Pictures must be left out. Retype exactly the lines from the one containing "Test elektrické dodávky" through the last line of the records below.

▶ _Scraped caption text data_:
::::

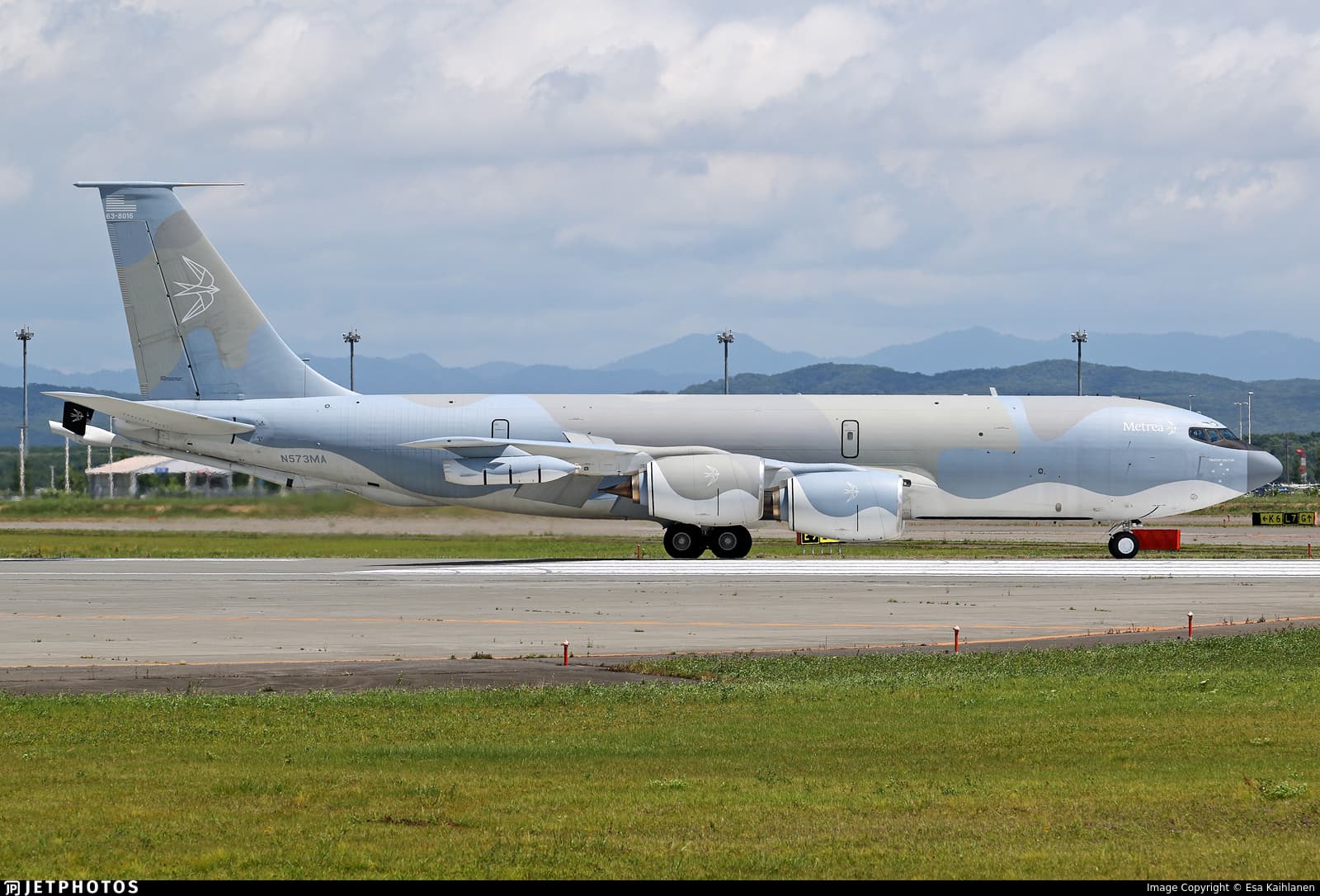 N573MA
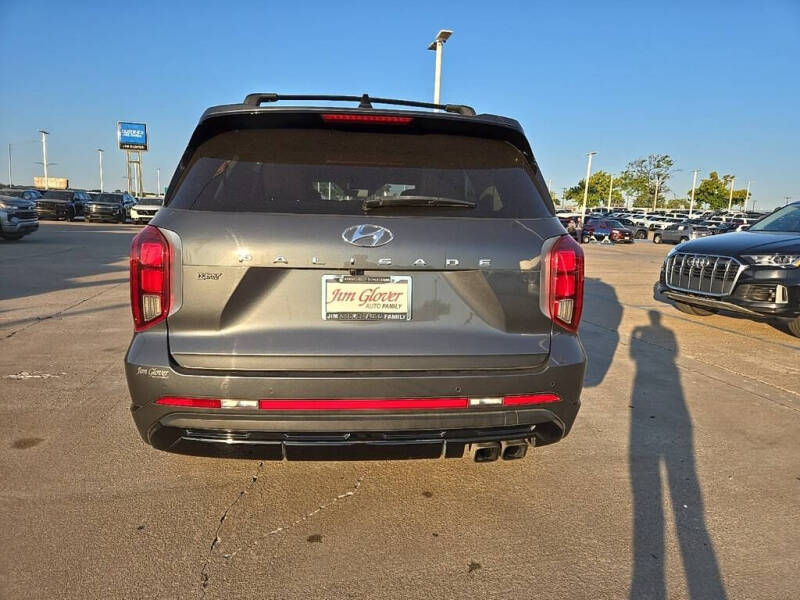 2023 Hyundai Palisade XRT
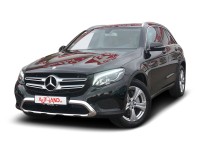 Mercedes-Benz GLC-Klasse 220 d 4Matic 2-Zonen-Klima Navi Sitzheizung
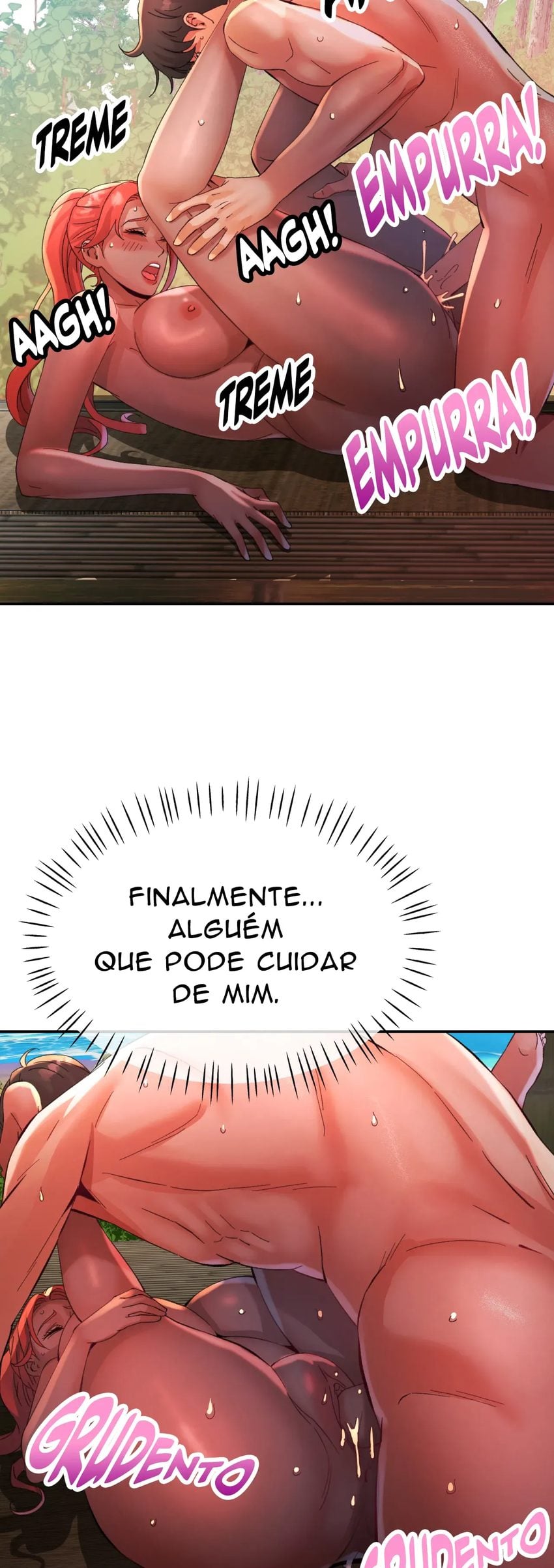 Ler Rob in Zone Cruise Capitulo 6 Page 31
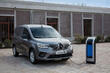 Test elektrické dodávky Renault Kangoo Van E-Tech fotografie 3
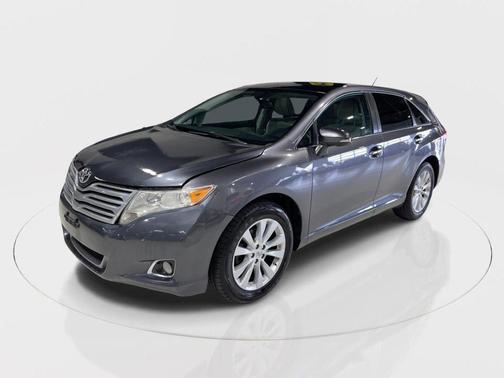2014 Toyota Venza LE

::::

▶ _WRITTEN REPLY_:
 Test elektrické dodávky Renault Kangoo Van E-Tech fotografie 3
2014 Toyota Venza LE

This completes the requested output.